Posted to common-user@hadoop.apache.org by Andrew <gu...@nigma.ru> on 2009/02/04 11:26:57 UTC

Task tracker archive contains too many files

I've noticed that task tracker moves all unpacked jars into 
${hadoop.tmp.dir}/mapred/local/taskTracker.

We are using a lot of external libraries, that are deployed via "-libjars" 
option. The total number of files after unpacking is about 20 thousands.

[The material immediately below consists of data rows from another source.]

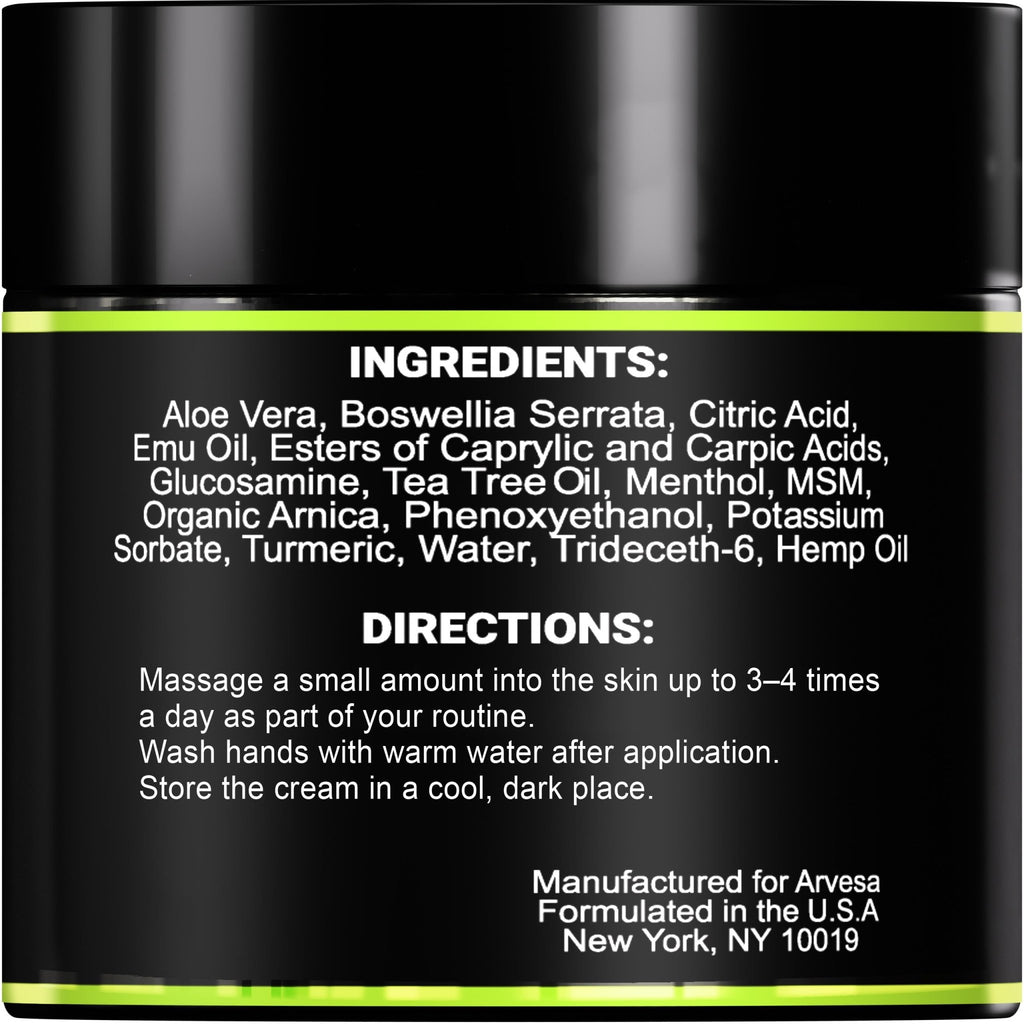 Natural Hemp Cream - Maximum Strength Gel - Hemp Cream with Arnica, MSM, Glucosamine, Menthol, Aloe, Turmeric, Boswellia - Fast Absorption, Non-Greasy, Lightweight - Advanced Formula - 4 oz - TrustMedUSA
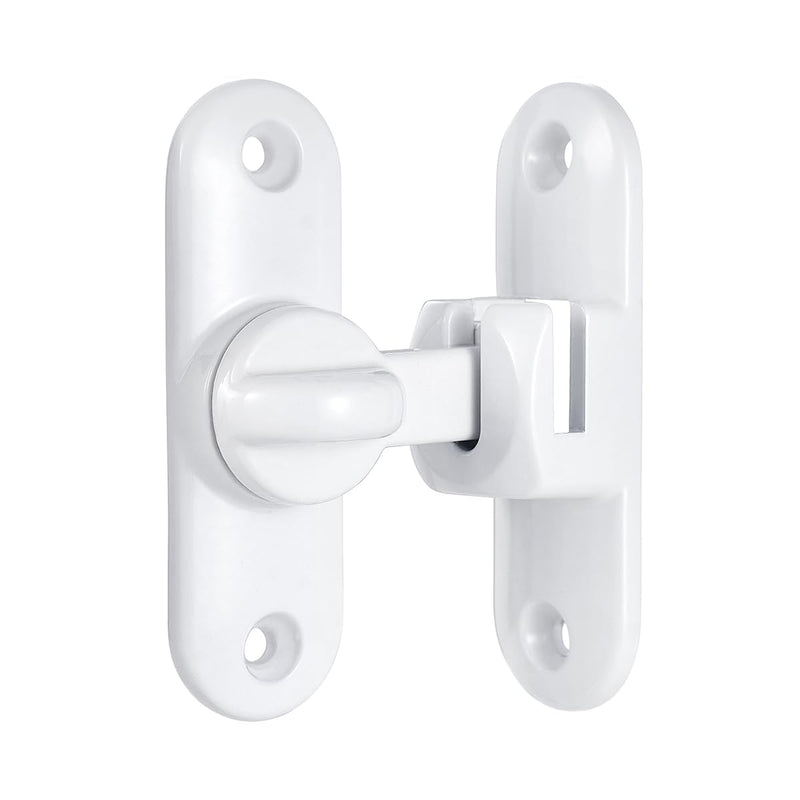INIRET 10 Packs White Barn Door Latches,90/180 Degree Gate Lock,Flip Gate Latches Hardware,Zinc Alloy Right Angle Door Lock Latch,Door Security Sliding Door Latch Lock for Cabinets,Bathroom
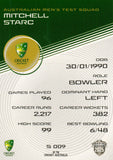 2025-26 Cricket Traders - Silver - S 009 - Mitchell Starc - Australia Men's Test
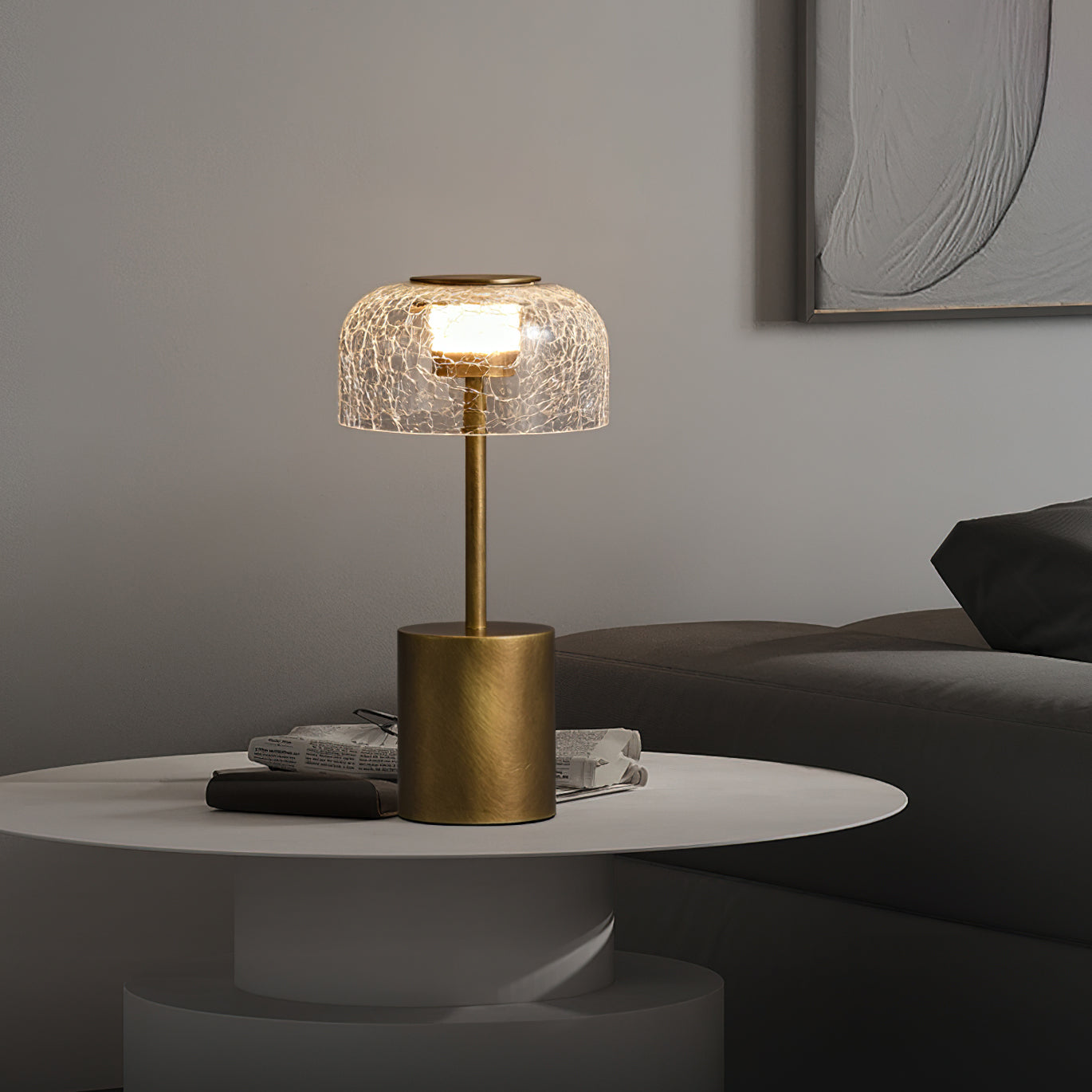 Rechargeable Crackle Glass Table Lamp with Built-in Battery - Perfect for Bedroom Nightstand, Living Room, and Office Desk Lighting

After running a number of jobs, tasks start to be killed with timeout reason 
("Task attempt_200901281518_0011_m_000173_2 failed to report status for 601 
seconds. Killing!"). All killed tasks are in "initializing" state. I've 
watched the tasktracker logs and found such messages:


Thread 20926 (Thread-10368):
  State: BLOCKED
  Blocked count: 3611
  Waited count: 24
  Blocked on java.lang.ref.Reference$Lock@e48ed6
  Blocked by 20882 (Thread-10341)
  Stack:
    java.lang.StringCoding$StringEncoder.encode(StringCoding.java:232)
    java.lang.StringCoding.encode(StringCoding.java:272)
    java.lang.String.getBytes(String.java:947)
    java.io.UnixFileSystem.getBooleanAttributes0(Native Method)
    java.io.UnixFileSystem.getBooleanAttributes(UnixFileSystem.java:228)
    java.io.File.isDirectory(File.java:754)
    org.apache.hadoop.fs.FileUtil.getDU(FileUtil.java:427)
    org.apache.hadoop.fs.FileUtil.getDU(FileUtil.java:433)
    org.apache.hadoop.fs.FileUtil.getDU(FileUtil.java:433)
    org.apache.hadoop.fs.FileUtil.getDU(FileUtil.java:433)
    org.apache.hadoop.fs.FileUtil.getDU(FileUtil.java:433)
    org.apache.hadoop.fs.FileUtil.getDU(FileUtil.java:433)
    org.apache.hadoop.fs.FileUtil.getDU(FileUtil.java:433)
    org.apache.hadoop.fs.FileUtil.getDU(FileUtil.java:433)
    org.apache.hadoop.fs.FileUtil.getDU(FileUtil.java:433)
    org.apache.hadoop.fs.FileUtil.getDU(FileUtil.java:433)
    org.apache.hadoop.fs.FileUtil.getDU(FileUtil.java:433)
    org.apache.hadoop.fs.FileUtil.getDU(FileUtil.java:433)
    org.apache.hadoop.fs.FileUtil.getDU(FileUtil.java:433)
    org.apache.hadoop.fs.FileUtil.getDU(FileUtil.java:433)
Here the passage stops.